→ **Dataset records**:
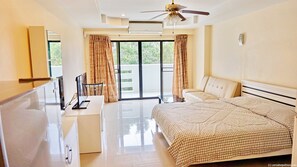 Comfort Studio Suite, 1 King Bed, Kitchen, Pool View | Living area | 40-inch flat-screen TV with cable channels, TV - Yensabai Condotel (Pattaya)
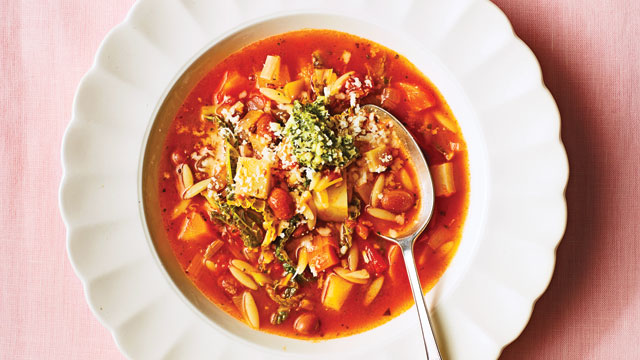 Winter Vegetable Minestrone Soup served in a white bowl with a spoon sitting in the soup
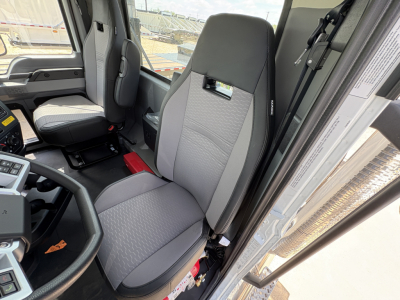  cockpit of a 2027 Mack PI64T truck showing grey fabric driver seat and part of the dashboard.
...
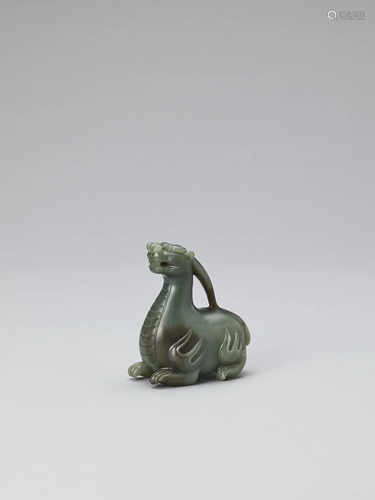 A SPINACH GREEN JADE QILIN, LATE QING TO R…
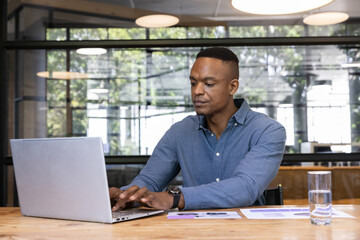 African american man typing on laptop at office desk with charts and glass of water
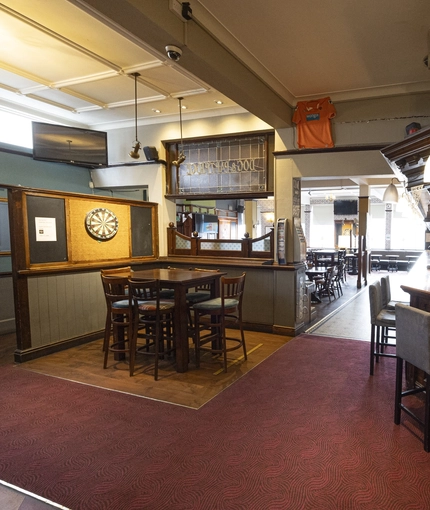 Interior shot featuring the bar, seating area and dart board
* * *
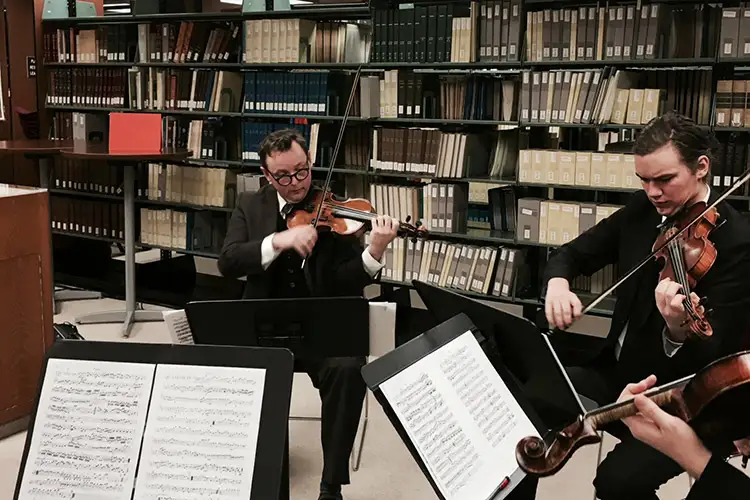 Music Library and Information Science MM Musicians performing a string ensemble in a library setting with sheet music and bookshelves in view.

→ **What is required**:
Using the listing above, repeat word for word each line from the one with "African american man" down to the one with "Interior shot featuring", both included. Omit all pictures.

→ **Your response**:
 African american man typing on laptop at office desk with charts and glass of water
 Interior shot featuring the bar, seating area and dart board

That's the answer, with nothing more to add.